Your instructions: In your copy, include every line of the listing below exactly but none of the pictures.
*-*-*
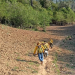 Incendio forestal de Coyomeapa se encuentra controlado al 80%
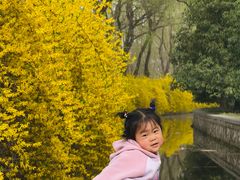 -洛阳市隋唐城遗址植物园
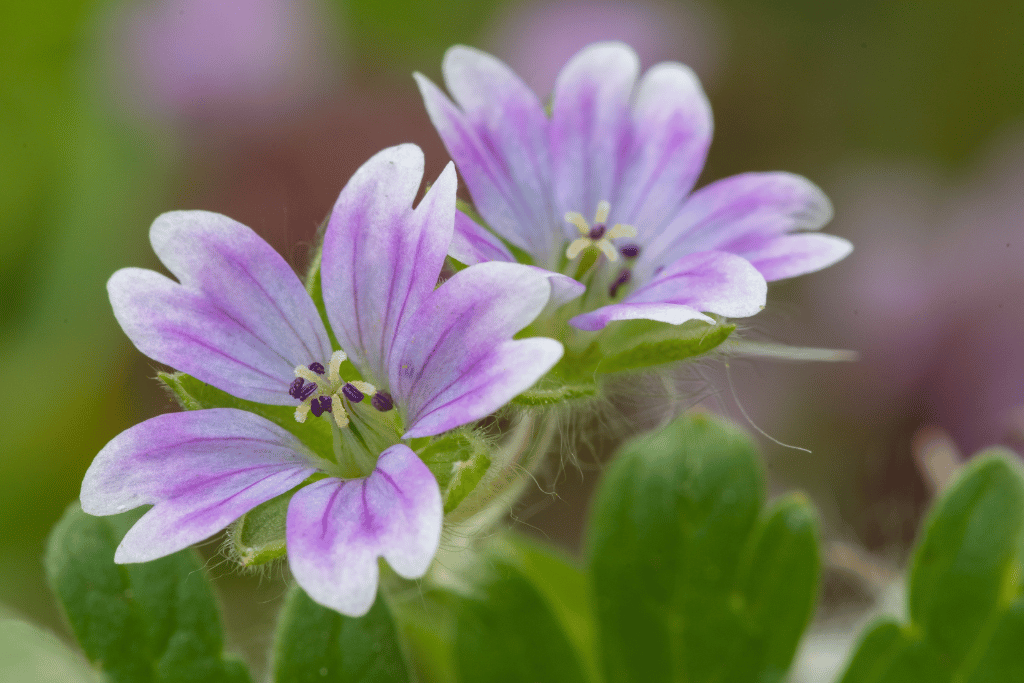 Dove's Foot Cranesbill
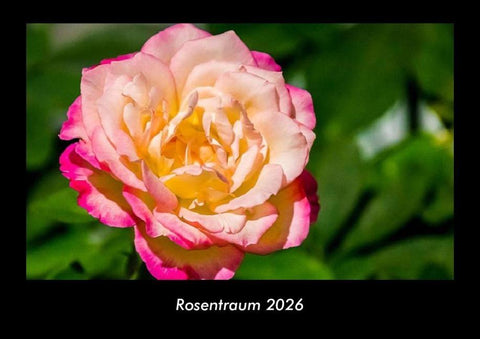 Rosentraum 2026 Fotokalender DIN A3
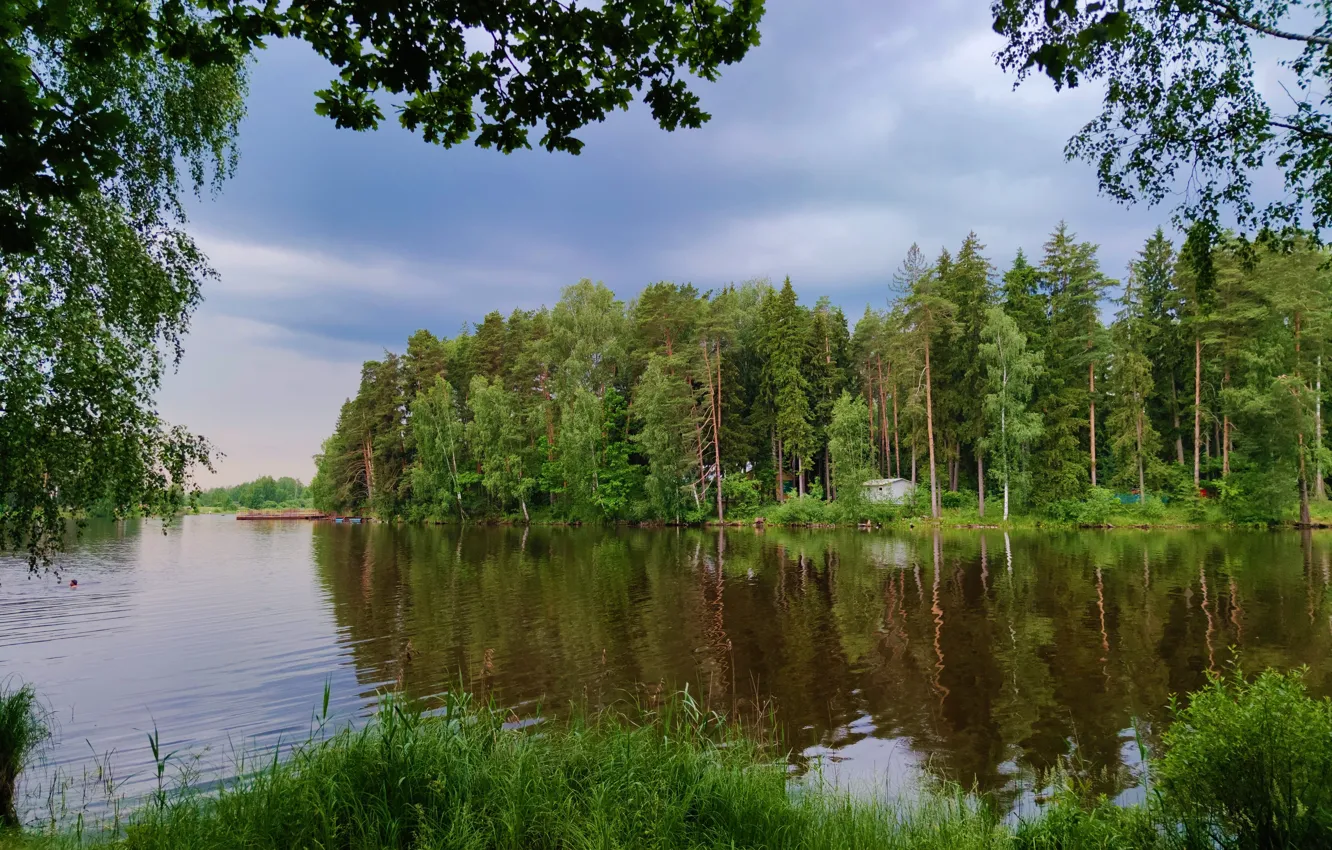 Фото обои лето, зеленая, травa, луковое озеро
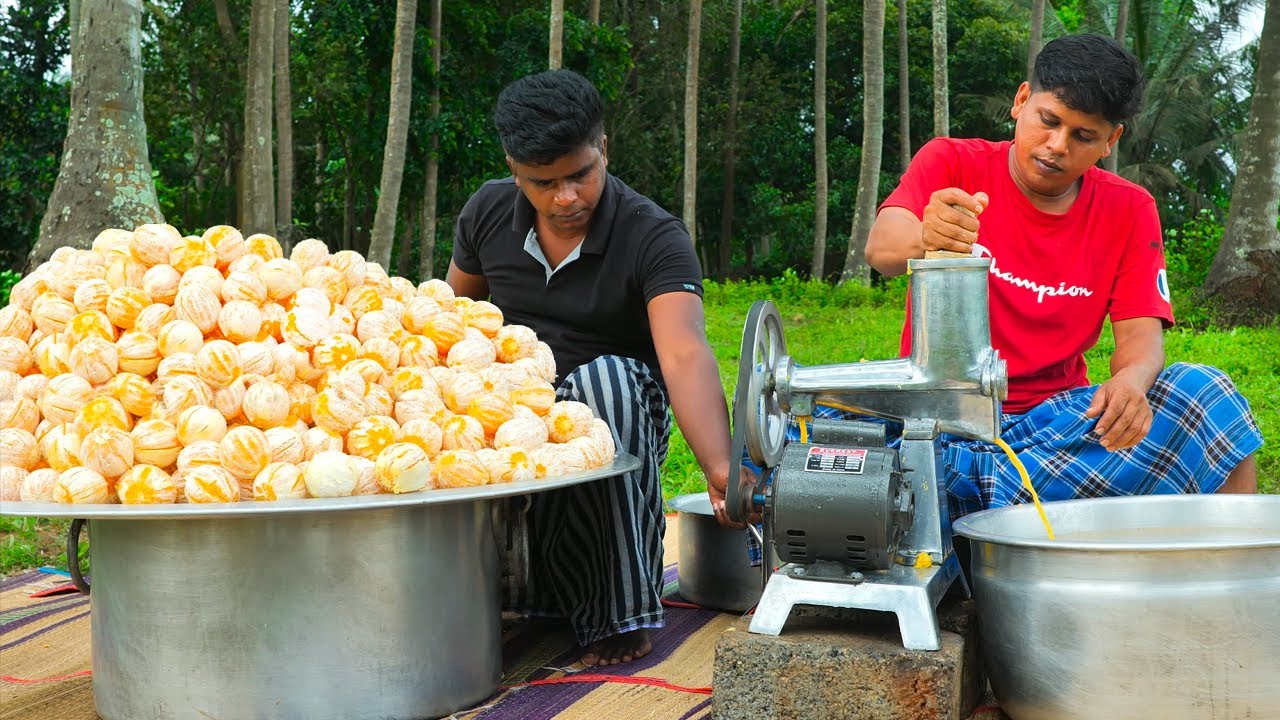 150kg CITRUS JUICE | 150kg Citrus Orange Fruits Cutting | Making Fruits Juice In Village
*-*-*
Response:
 Incendio forestal de Coyomeapa se encuentra controlado al 80%
 -洛阳市隋唐城遗址植物园
 Dove's Foot Cranesbill
 Rosentraum 2026 Fotokalender DIN A3
 Фото обои лето, зеленая, травa, луковое озеро
 150kg CITRUS JUICE | 150kg Citrus Orange Fruits Cutting | Making Fruits Juice In Village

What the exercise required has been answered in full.